Hello,
Executive summary :
Last year I wrote a database benchmark which simulates a forum.
It works on Postgres and MySQL.
It could be useful.
I have no time to touch this, so it is rotting on my harddrive.
Who wants to adopt it ? I will put it on pgfoundry.
I can spend a few hours documenting the source and writing some
documentation and pass the package to someone who might be interested and
more available.
Details :
The benchmark is a forum type load (actually it came from me arguing with
the phpBB team, lol) but, unlike all forums I know, "correctly" optimized.
A bunch of forums are created, and there is a website (in PHP), very
basic, which allows you to browse the forums, view topics, and insert
posts. It displays the usual forum info like last post, number of topics
or posts in forum, number of posts in topic, etc.

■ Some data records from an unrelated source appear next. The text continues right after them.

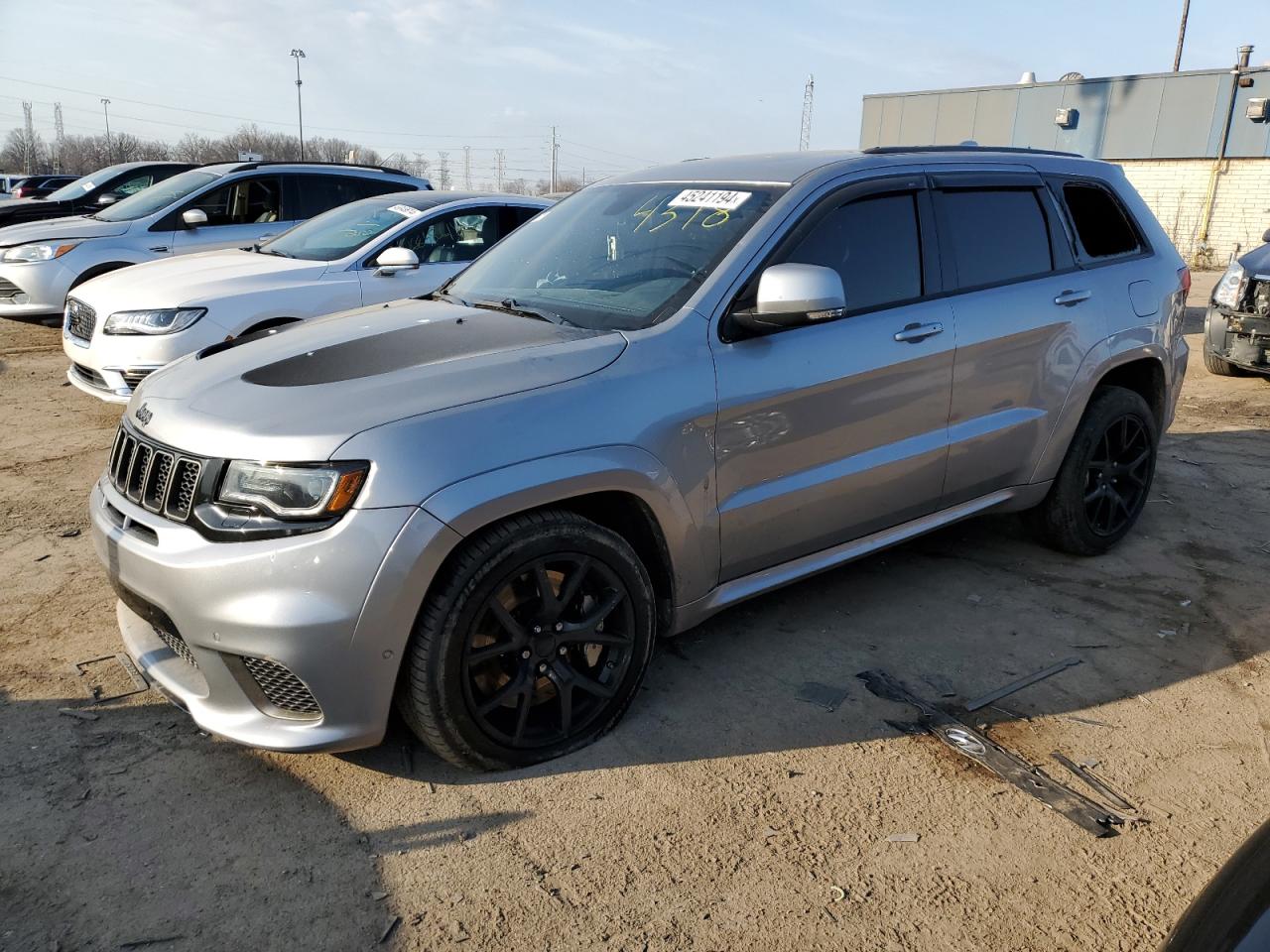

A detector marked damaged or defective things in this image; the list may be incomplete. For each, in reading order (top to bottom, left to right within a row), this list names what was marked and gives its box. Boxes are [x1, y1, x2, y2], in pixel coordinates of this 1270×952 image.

damaged car [1199, 229, 1270, 378]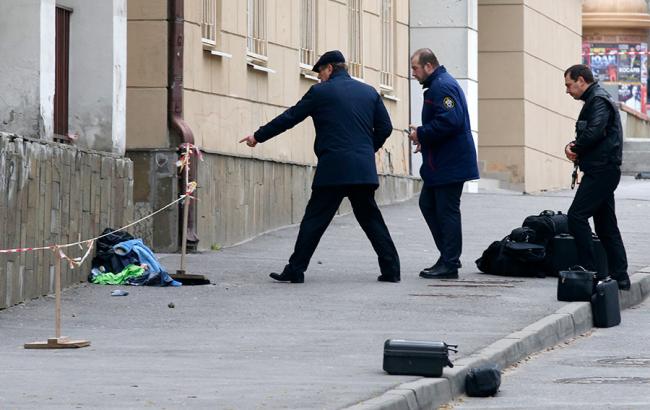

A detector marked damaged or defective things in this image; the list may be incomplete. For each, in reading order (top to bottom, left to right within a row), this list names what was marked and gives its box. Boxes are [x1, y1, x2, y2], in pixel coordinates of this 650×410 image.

damaged wall [0, 133, 133, 310]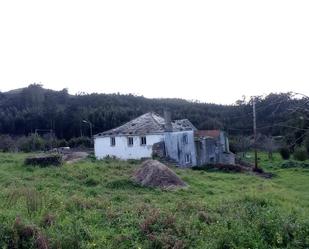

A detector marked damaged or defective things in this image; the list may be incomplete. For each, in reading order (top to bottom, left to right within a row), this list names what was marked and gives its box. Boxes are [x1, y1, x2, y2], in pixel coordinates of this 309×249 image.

damaged roof [94, 112, 196, 137]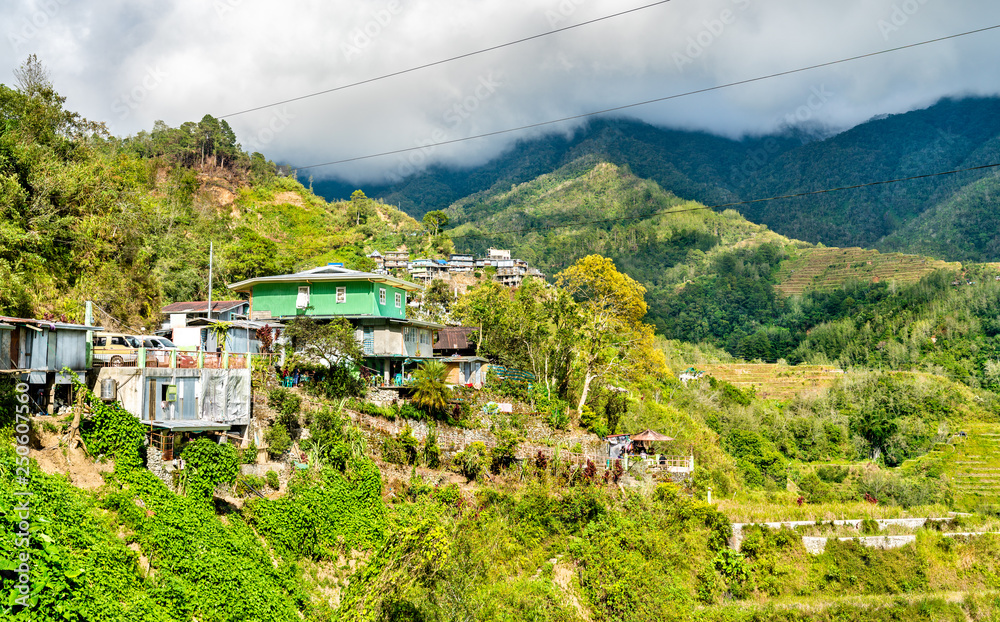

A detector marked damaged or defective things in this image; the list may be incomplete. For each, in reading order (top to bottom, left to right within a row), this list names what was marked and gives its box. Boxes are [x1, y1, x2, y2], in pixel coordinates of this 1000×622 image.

rusty roof [432, 326, 478, 352]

Then there is a benchmarking client, written in Python. It spawns a number
of "users" who perform real-life actions, like viewing pages, adding
posts, and there a few simulated moderators who will, once in a while,
destroy topics and even forums.
This client can hit the PHP website via HTTP.
However postgres is so fast that you would need several PHP servers to
kill it. So, I added a multi-backend capability to the client : it can hit
the database directly, performing the queries the PHP script would have
performed.
However, postgres is still so fast that you won't be able to benchmark
anything more powerful than a Core 2, the client would need to be
rewritten in a compiled language like Java. Also, retrieving the posts'
text easily blasted the 100 Mbps connection between server and client, so
you would need Gigabit ethernet.
So, the load is very realistic (it would mimic a real forum pretty well) ;
but in order to benchmark it you must simulate humongous traffic levels.
The only difference is that my benchmark does a lot more writing (post
insertions) than a normal forum ; I wanted the database to grow big in a
few hours.
It also works on MySQL so you can get a good laugh. Actually I was able to
extract some good performance out of MySQL, after lots of headaches,
except that I was never able to make it use more than 1 core.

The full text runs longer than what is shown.